**Instructions for the task:** Without the pictures, give the entries below again exactly as written.

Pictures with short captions
● ● ●

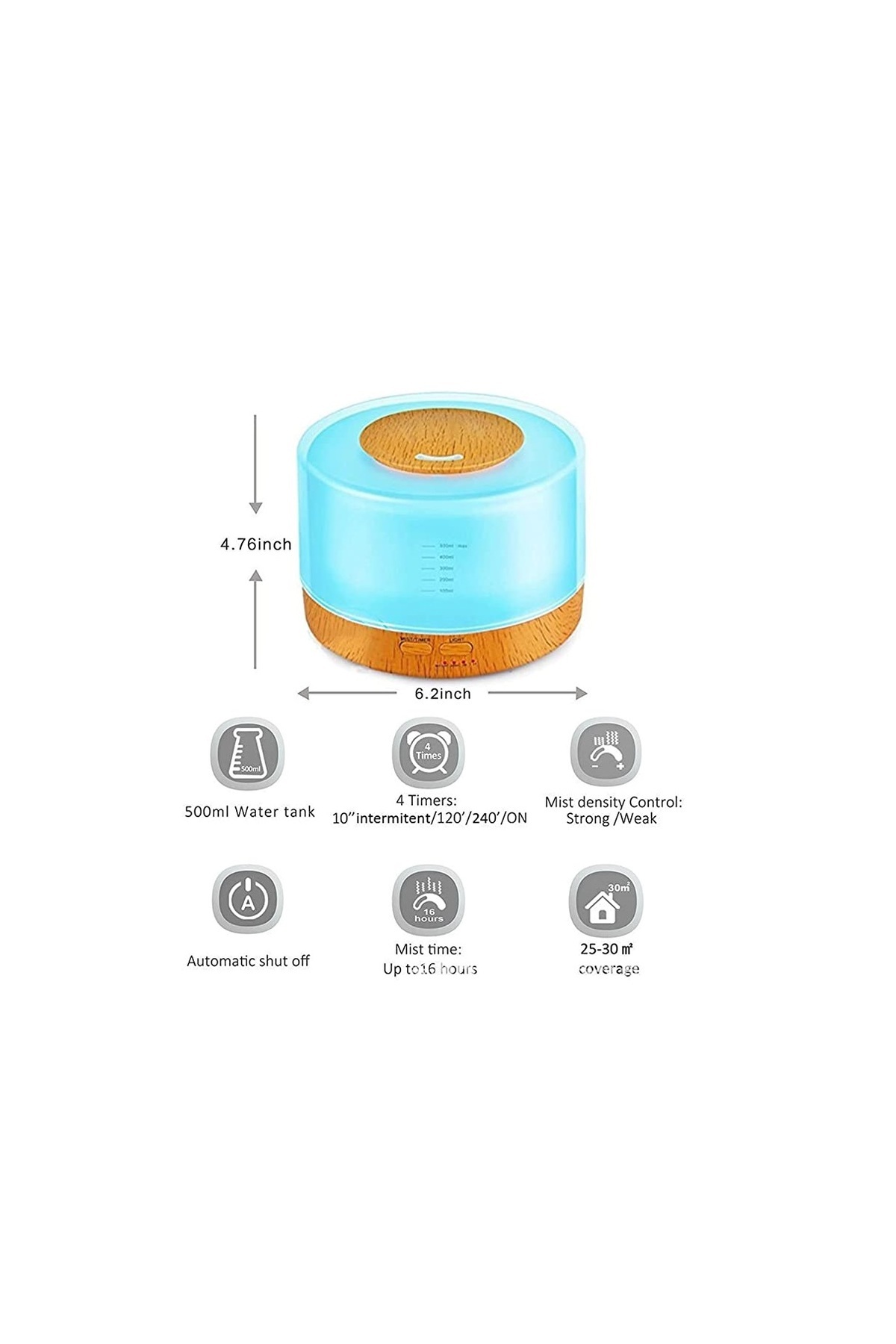 Generic-Essential Oil Upgraded Diffuser 500Ml,Cool Mist Humidifier With Auto Shut Off Function 2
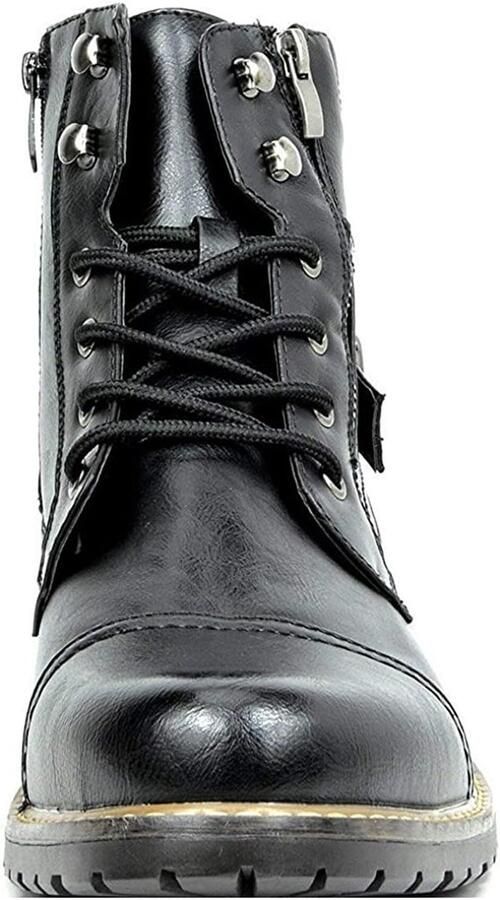 SolidKeus Heren Vintage Cap Toe Biker Boots met Dubbele Rits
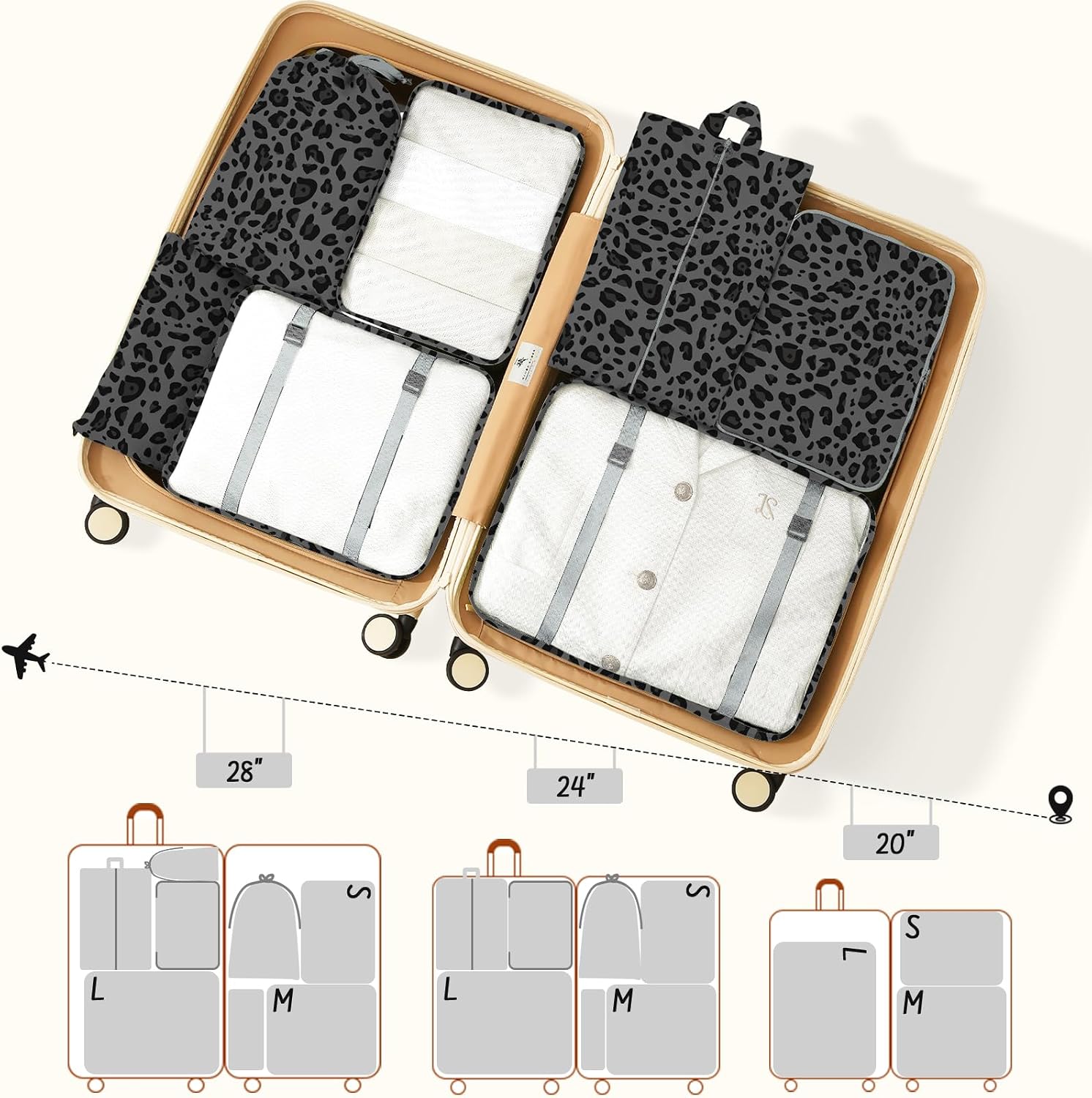 9 Set Packing Cubes for Travel Essentials - Lightweight Carry-On Luggage Organizer Bags with Shoe, Clothes & Laundry Bags for Airplane, Family & Business Travel, Gray leopard print image 3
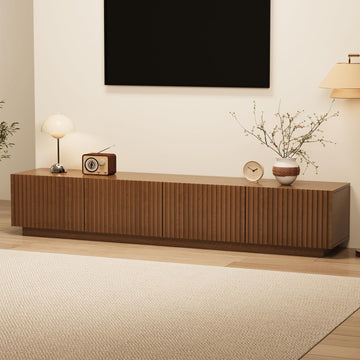 86.61" Mid Century TV Stand, Walnut Fluted Entertainment Center for 85" TV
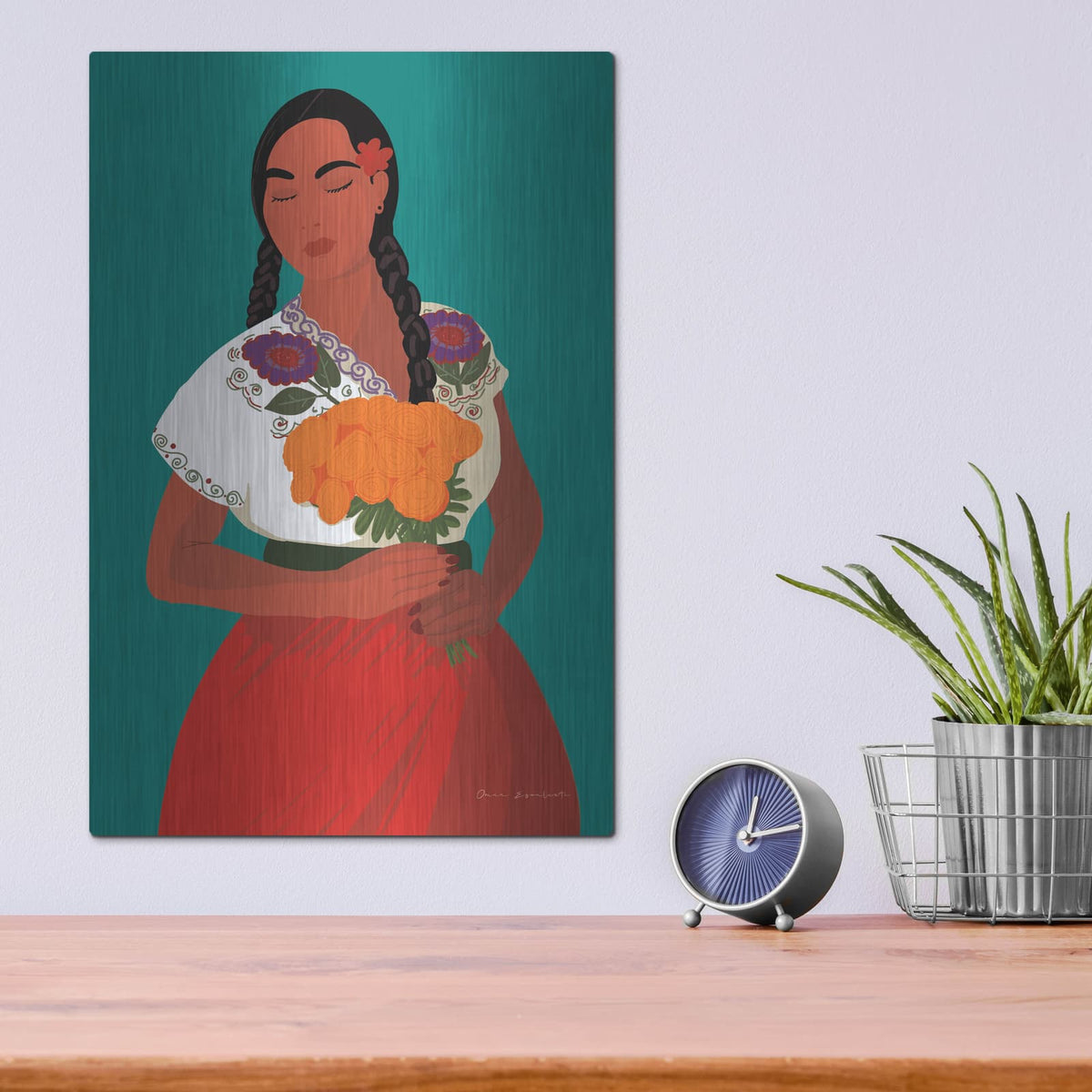'Mexican Woman 2' by Omar Escalante – Metal Wall Art, 12x16 room view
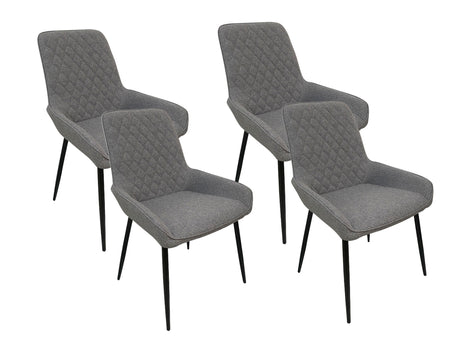 Hebron Linen Dining Chair Grey - Set of 4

● ● ●

**Response area:**
 Generic-Essential Oil Upgraded Diffuser 500Ml,Cool Mist Humidifier With Auto Shut Off Function 2
 SolidKeus Heren Vintage Cap Toe Biker Boots met Dubbele Rits
 9 Set Packing Cubes for Travel Essentials - Lightweight Carry-On Luggage Organizer Bags with Shoe, Clothes & Laundry Bags for Airplane, Family & Business Travel, Gray leopard print image 3
 86.61" Mid Century TV Stand, Walnut Fluted Entertainment Center for 85" TV
'Mexican Woman 2' by Omar Escalante – Metal Wall Art, 12x16 room view
 Hebron Linen Dining Chair Grey - Set of 4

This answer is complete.